Konsolidation mit dem Evangelischen Kirchenkreis Braunfels:

Zum 1. Januar 2019 haben sich die ehemaligen „Evangelischen Kirchenkreise Braunfels und Wetzlar“ zum „Evangelischen Kirchenkreis an Lahn und Dill“ zusammengeschlossen. Er gehört zur „Evangelischen Kirche im Rheinland“ (EKiR). Das Gebiet erstreckt sich von Ahrdt (Hohenahr) im Norden bis Ebersgöns (Butzbach) im Süden, und von Holzhausen (Greifenstein) im Westen bis Odenhausen (Lollar) im Osten. Die fünfzig Kirchengemeinden dieses Gebietes sind damit im Lahn-Dill-Kreis, im Landkreis Gießen und im Wetteraukreis präsent. Das Gebiet deckt sich noch heute weitgehend mit den Grenzen der „Preußischen Kreise Wetzlar und Braunfels“ von 1816. Beide haben indes in der Geschichte deutlich unterschiedliche Entwicklungen erfahren:

Die beiden „Preußischen Kreise Wetzlar und Braunfels“ wurden am 14. Mai 1816 ins Leben gerufen. Es war die Konsequenz einer Entwicklung, die letztendlich zu einer umfassenden politischen Neuordnung auch unserer Region führen sollte. Die Gründung dieser Landkreise muss dabei im Kontext der politischen, religiösen und regionalen Veränderungen seit dem Übergang Wetzlars an Preußen am 9. Juni 1815 gesehen werden, welche die Geschicke unserer Region auf Jahrhunderte hinaus bestimmen sollten.

Welche Situation fand man 1815 in Wetzlar vor?

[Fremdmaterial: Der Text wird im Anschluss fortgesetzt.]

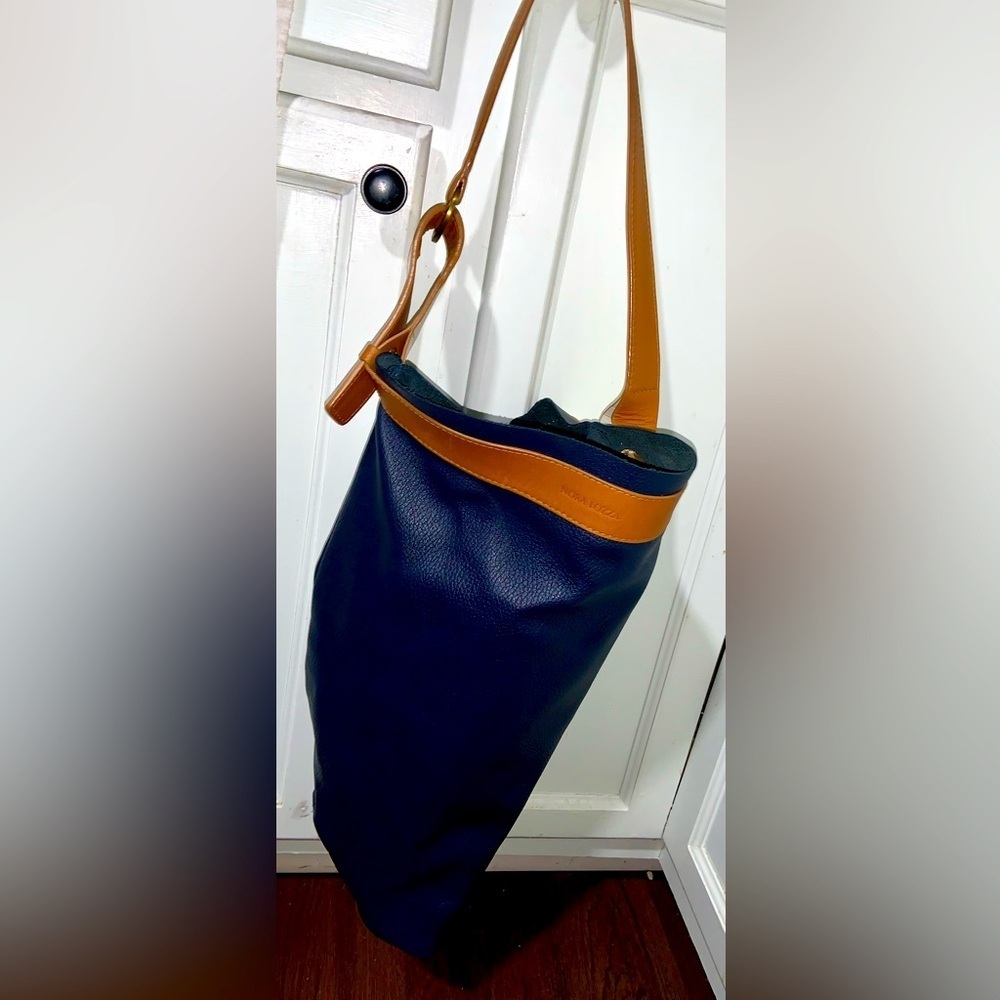 Nora Lozza leather Colombian quite luxury handbag navy tan boho classic $680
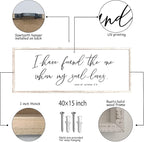 I Have Found The One Whom My Soul Loves Sign Wall Art Decor 40"x15" Modren Master Bedroom Above Bed Wood Framed Song of Solomon 3:4 Large Living Room Bible Verse Wall Hanging (White)
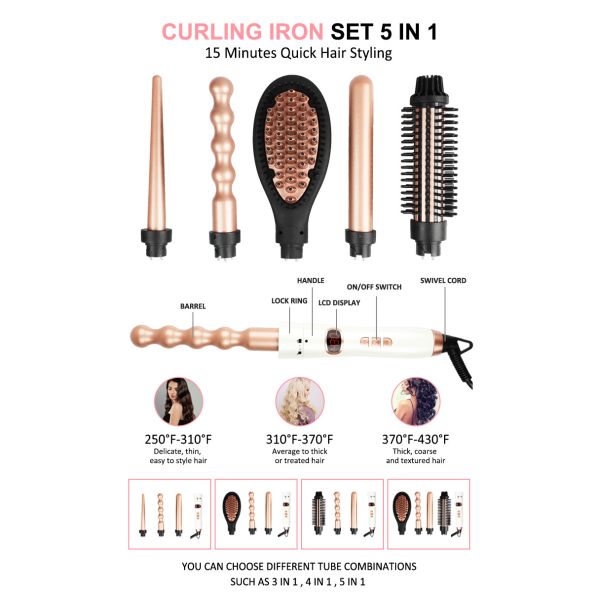 Interchangeable Ceramic Barrel Hot Hair Tool , 50HZ Hair Curler Wand Set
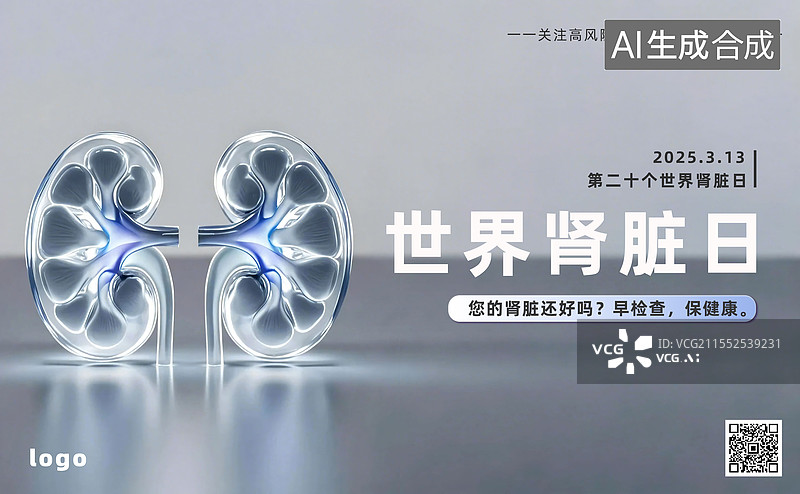 【AI数字艺术】世界肾脏日3D风格可编辑海报模板图片素材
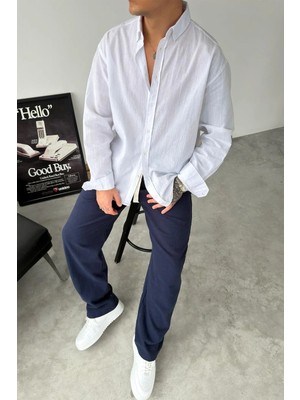 HAFKA Beyaz Oversize Fresh Keten Gömlek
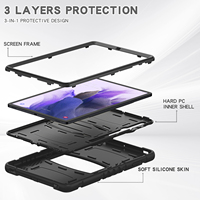 [Étui pour Samsung Tab S10 +/S9 Plus/S9 Fe] Étui pour tablette pliable multi-angle antichoc pour Samsung Galaxy Tab S7 FE 12.4 pouces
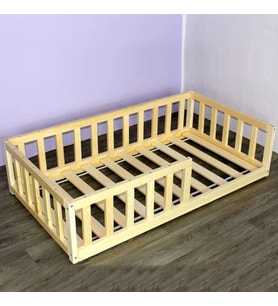 Markaawm Montessori Çocuk Yatak Doğal Çam 90X190 Karyola Yelken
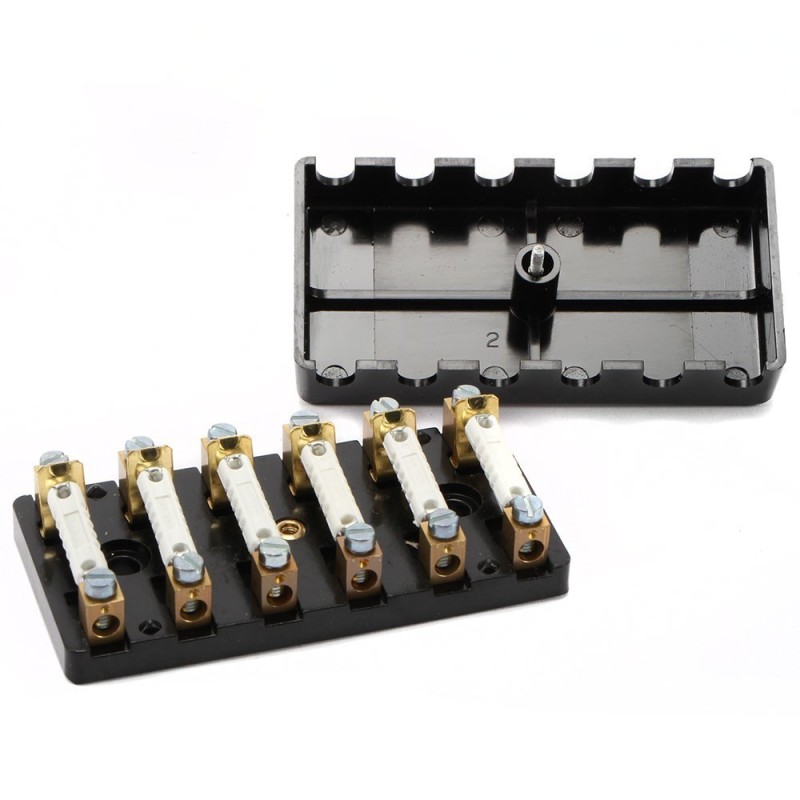 boite à fusibles 6 fusibles universelle (cache vissé, livré avec fusibles)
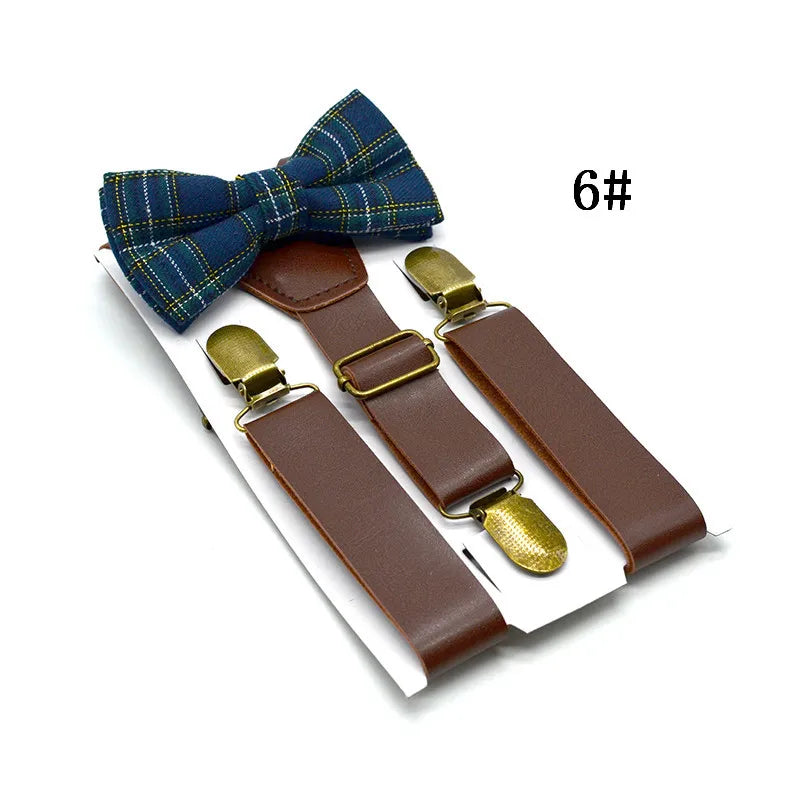 SHOWERSMILE Kids Suspenders With Bow Tie Leather British Style Boys Suspenders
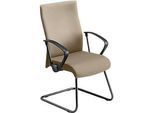 Freischwinger NowyStyl Neo, ergonomisch, mit Armlehnen, Sitz- und Rückenpolsterung, Stahl/Polster, B 510 x T 440 x H 440 mm, schwarz-braun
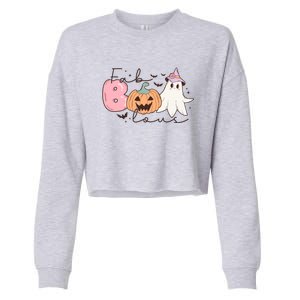 Funny Fab Boo Lous Pumpkin Halloween Retro Gift Cropped Pullover Crew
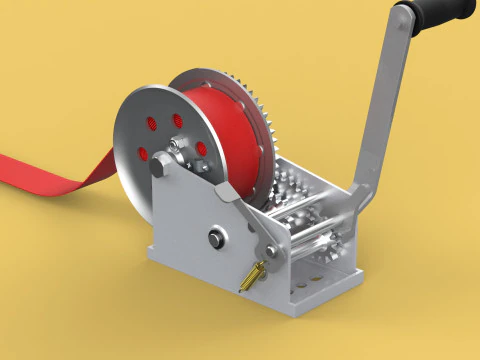 HOOK HEAVY DUTY HAND LEVER CRANK WINCH STEEL BELT WEBBING STRAP 3D Model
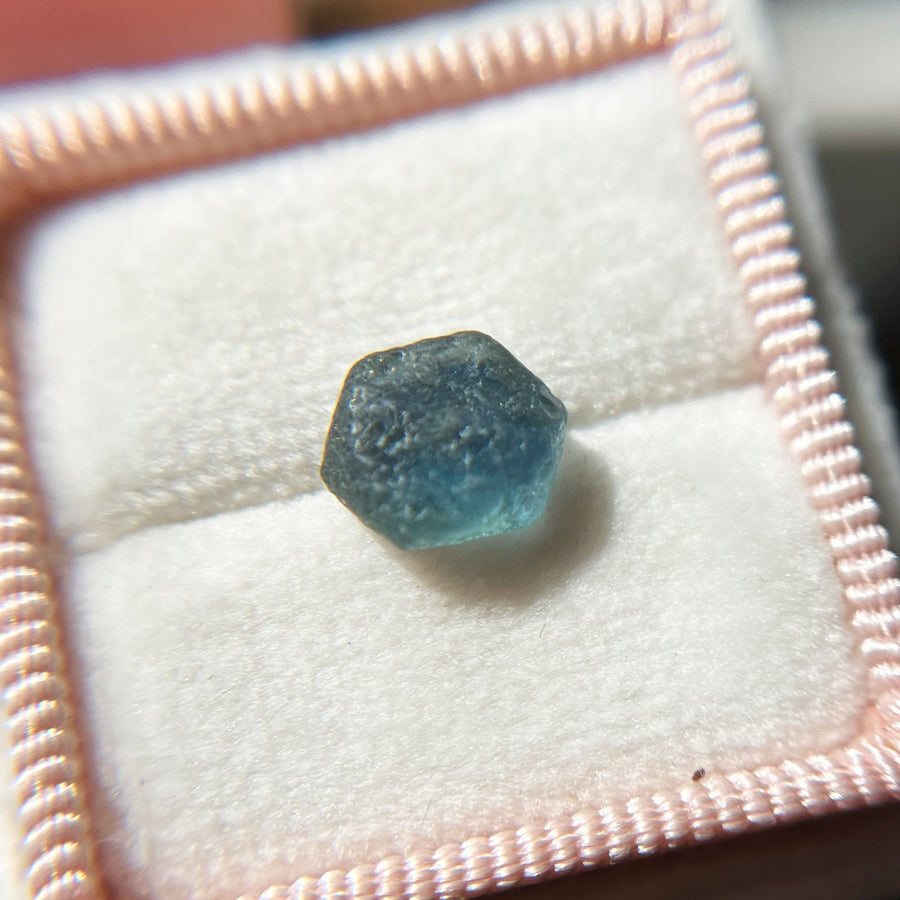 Rough Uncut Hexagonal Teal Montana Sapphire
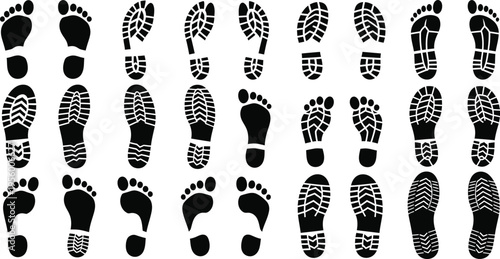 Collection of black footprint and boot sole imprints on white background boot print sole print shoe print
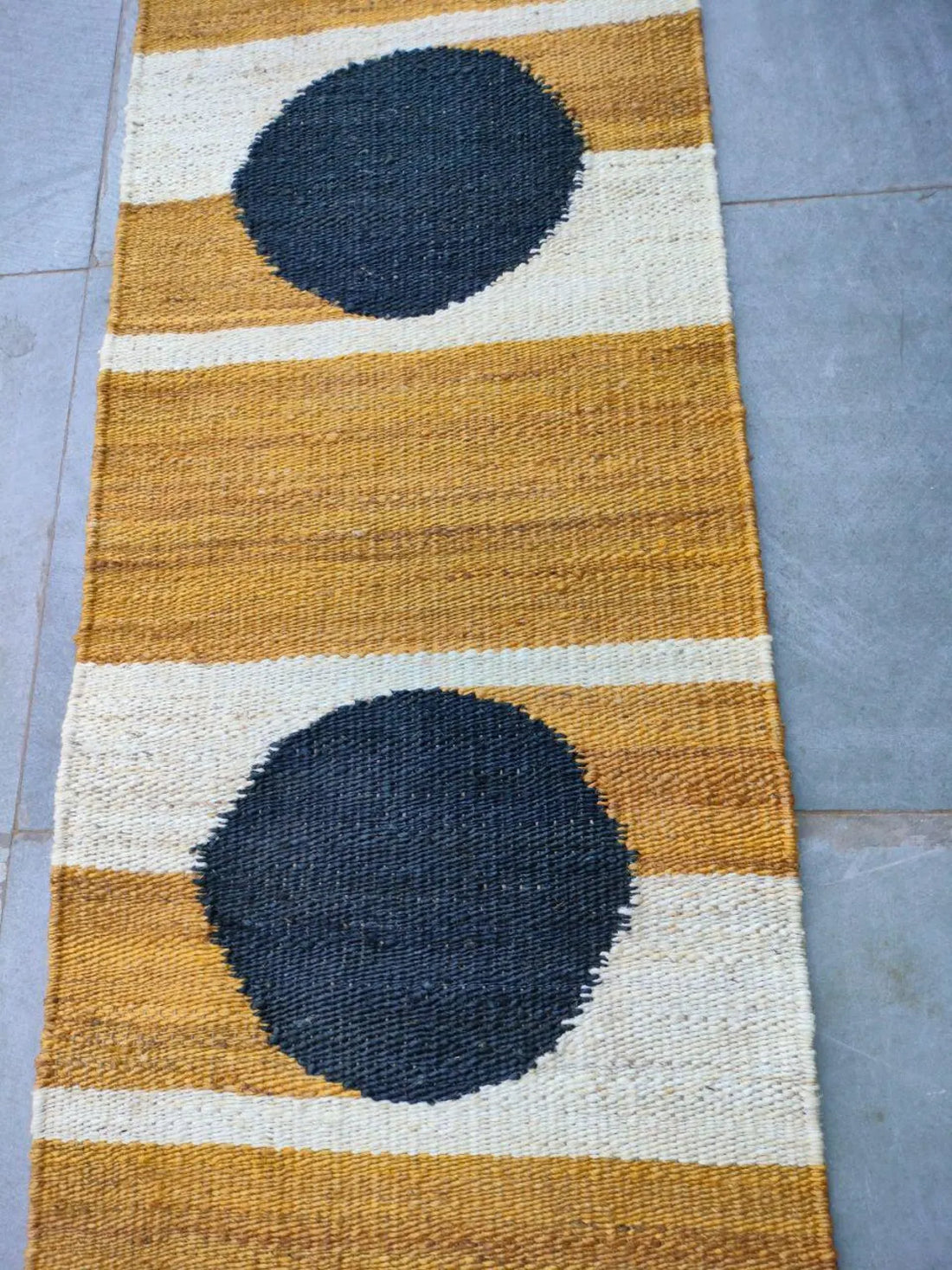 Handwoven Hemp Jute Runner with Yellow–White–Black Circular Artisan Pattern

Die „Grafschaft Wetzlar“ bestand damals einzig und allein aus der Stadtgemarkung Wetzlar mit einer Fläche von gerade mal etwa sieben Quadratkilometern. Dieses winzige Areal war dabei umringt von den ausgedehnten Standesherrschaften der Fürsten zu Solms-Braunfels und Solms-Hohensolms-Lich auf der einen, und dem flächenmäßig noch bedeutenderen „Nassauischen Amt Atzbach“ mit den Bürgermeistereien Gleiberg und Hüttenberg auf der anderen Seite (27 Ortschaften, und damit flächenmäßig 15mal so groß wie der später neu geschaffene Kreis Wetzlar, wobei Gleiberg als Exklave noch durch einen schmalen Streifen Hessen-Darmstädtischen Territoriums entlang des Bieberbaches vom Hauptteil des „Amtes Atzbach“ getrennt war).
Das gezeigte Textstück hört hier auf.